In naming Judge Neil Gorsuch as his Supreme Court nominee, President Trump showed that he was serious all along about an issue that secured his election as much as any other. He also picked someone who, perhaps more than anyone on his fabulous list, fits the mold — or robe — of the irreplaceable Antonin Scalia.
When Justice Scalia died nearly a year ago, the race for the White House turned exceedingly urgent. The Supreme Court's balance could shift for the first time in two generations. The Senate kept the vacancy open through the election, a risky political gambit that paid off when so many conservatives and other erstwhile NeverTrumpers came out for Trump on Election Day.
They did so because Trump, breaking another rule of presidential campaigns, had released a list of potential court nominees, one notable for its geographic breadth and professional depth. Yet even on that star-studded list, Gorsuch was a superstar.
Gorsuch is an originalist, always looking to the original meaning of the Constitution and its structural protections for liberty.
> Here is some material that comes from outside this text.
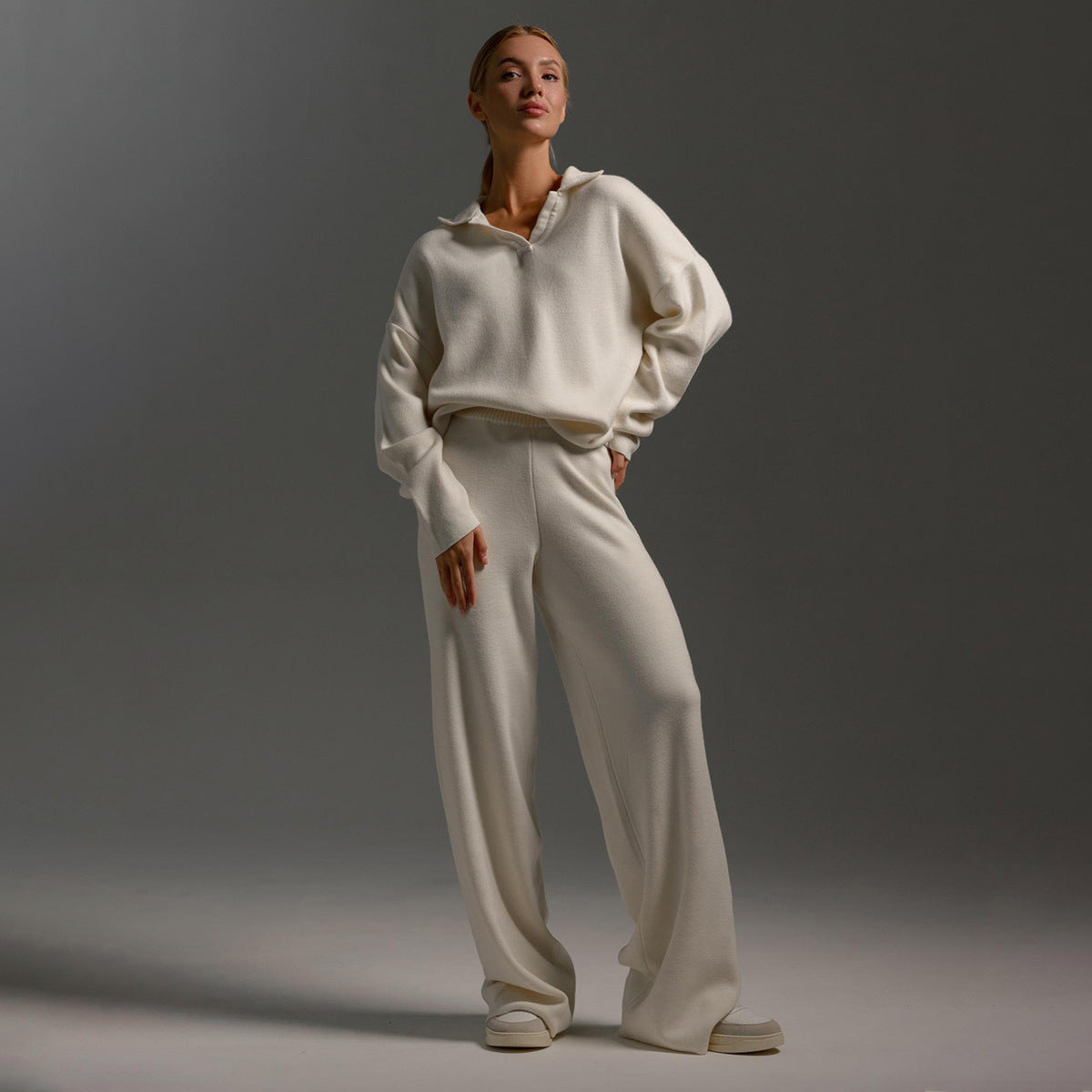 Rossella – Tracksuit in Maglia Donna Stile Casual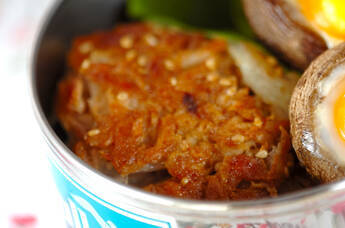 ツナと玉ネギのチヂミ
He's also a textualist, with a strong command of how to interpret statutes according to their plain meaning — in particular construing them narrowly when they involve criminal penalties, like Scalia did. Also like Scalia, Gorsuch isn't a fan of legislative history, noting "the difficulties of trying to say anything definitive about the intent of 535 legislators and the executive."
As a Harvard Law graduate, Gorsuch doesn't break the duopoly that that school and Yale enjoy on the high court. But he's no pointy-headed intellectual. The native Coloradan hunts and fishes, and worked as a furniture mover and hotel front-desk clerk. Scalia lamented the absence of a "genuine Westerner" on the Supreme Court. Well, now we'll have one.
Gorsuch is best known for his opinions supporting religious liberty and pushing back on the administrative state. These will be a focus of his confirmation hearings.
He's an elegant writer, one with a penchant for clear yet memorable turns of phrase, like Scalia. "There's an elephant in the room with us today," he wrote in reference to the excessive deference judges pay to executive agencies. "Maybe the time has come to face the behemoth."
Gorsuch was confirmed by voice vote to the Denver-based 10th Circuit in 2006. Like Scalia, he now merits a similar unanimous path to the Supreme Court.